Well I bet that got your attention!!! But this is a very serious question. I have never done it for any length of time. I am not sure where I got this notion, but for some reason, I have always held the belief that if you go bra less for even a day or two you might wake up one morning and the girls would be talking face to face with your belly button. I mean- isn't it painful? How do you walk? OR RUN??? And don't even get me started on jumping- that would just be a beat -you- about- the -head -fest. Don't the girls need to be bolted down- locked and loaded? I just don't get it. Unless they are the size of quarters- you could hurt yourself. People have told me it's great to go commando up top but won't you eventually pay for it someday when you can tuck them into your waistband? It's kind of along the same lines as plucking your eyebrows- isn't it? You have to be smart and look down the road a little. At some point, you have no eyebrows.
Speaking of eyebrows...
When I was in first grade, one of the teachers we steered clear of if at all possible was Mrs. Kopeland. She was obviously a rabid plucker because she had to draw her eyebrows on. The amazing thing is she actually drew them on "MEAN". I kid you not- she drew them in a menacing down turn and we were scared spit less of her, with good reason. Singing time was always a time of great peril. They would smash all three classes of first graders into one classroom , sit us all on the floor and make us sing. Back then there was no ADD or ADHD, no partial autism, no dyslexia or behavioral syndromes. No aids sitting one on one with the kid who acted out or couldn't learn. There were just good kids and bad kids, smart kids who could read and dumb lazy kids who couldn't read. So one fine day as 150 of us sat on the tile floor for an hour singing our tiny hearts out, one of the "bad" kids had had enough and was acting up a bit-talking instead of singing- which was a sin of the highest order. To be fair Mrs. K told him once to be quite, turn around and sing. Well he didn't. That was all it took. She actually picked him up by the collar, hauled him to the door and drop kicked him across the hall into another class room. I am not even exaggerating. This is a true story- no word of a lie! Can you imagine the consequences to a teacher if she did that today? That kids parents would sue her and she would be out of a job-NO wait- she belongs to the teachers union so they would just pass her onto another school where she could glare at and terrorize new, unsuspecting kids with her one, mean, drawn on eyebrow. It should be said here that that boy hadn't learned the fine art of escaping a first grade teachers wrath. I had. How you ask? I will tell you.

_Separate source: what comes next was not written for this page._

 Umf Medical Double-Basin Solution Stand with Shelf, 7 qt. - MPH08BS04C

I had Miss Morris for first grade. I liked her- for the most part she was nice. She was a MISS after all and hadn't been hardened to a life of teaching dumb first graders yet. But one day we were supposed to copy a poem about mittens from the board ....BORING. I diddled around most of the day and when she came around to collect the papers I think I had maybe the first line done. She was mad. Not one eyebrow mad, but peeved none the less. She didn't even think my one line was very impressive so she made me go get another piece of paper and start over. I went and got the paper but I sort of slammed it down on my desk, as hard as a first grader can slam a piece of paper. BIG MISTAKE. She grabbed me and hauled me out in the hall and told me I was on my way to the principals office.
SIDE NOTE. In 1962, this was something akin to being lead to the gulag or a torture chamber. Nothing, and I mean NOTHING was scarier than being sent to the principals office. I do not know why they teach you the way to remember the difference between spelling principal and principle is to remember that the PRINCIPAL is your "PAL" PFFFF! No he most certainly is not!! He is your grim reaper/ executioner/Freddy Kruger before there even was a Freddy Kruger!!!

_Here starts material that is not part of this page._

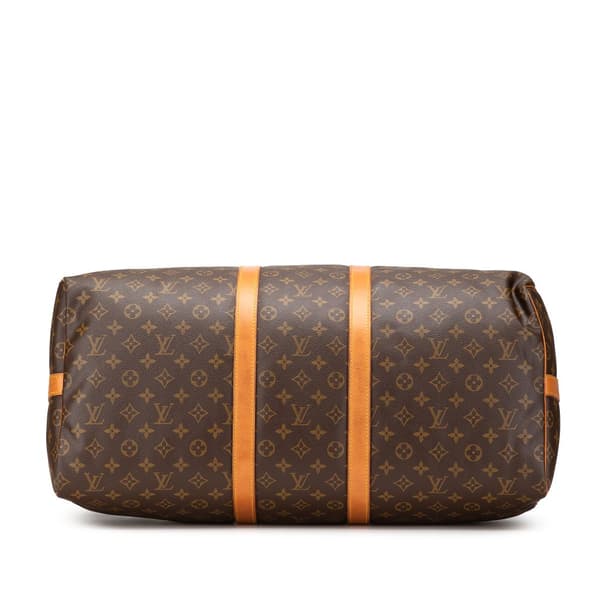 Pre-owned Louis Vuitton Monogram Keepall Bandouliere 55 Brown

Ok so there I am in the death clutches of Miss M. Think fast tiny, defenseless first grader. What do teachers hate more than bratty little girls with a bit of attitude? VOMIT!!! The big splat kind where the school janitor pours saw dust on it and leaves it there for all to see.That is the ticket. I don't know how my 6 year old brain grabbed onto that thought but it was brilliant and I was going with it. I couldn't make myself actually blow lunch, but I could certainly fake it. So I told her I was going to hurl and she let go of me like I was a stinky sock! Freeeeeee! She told me to go to the bathroom and when I got back I was to sit there and finish that poem. Off I skipped to the restroom and then- I skipped all the way home. That was my second mistake. DAH-there are telephones!!!My Mom was a co-conspirator, drat her hide. I went into a tale as to why I was home and she just listened to me lie my little heart out. Then she said get your coat, you're going back. WHAT THE....????
Back I went. I had to sit in my desk while the afternoon class stared at me and write a poem about stupid, stinky mittens. Oh the shame. But hey- I didn't have to go to the principals office!
And that, my friends is why I shall never go bra less!!! Let that be a lesson!
1 comment:
I had no idea you were so devious!
And I agree that bra-less is a no-no ... except for if you're sleeping.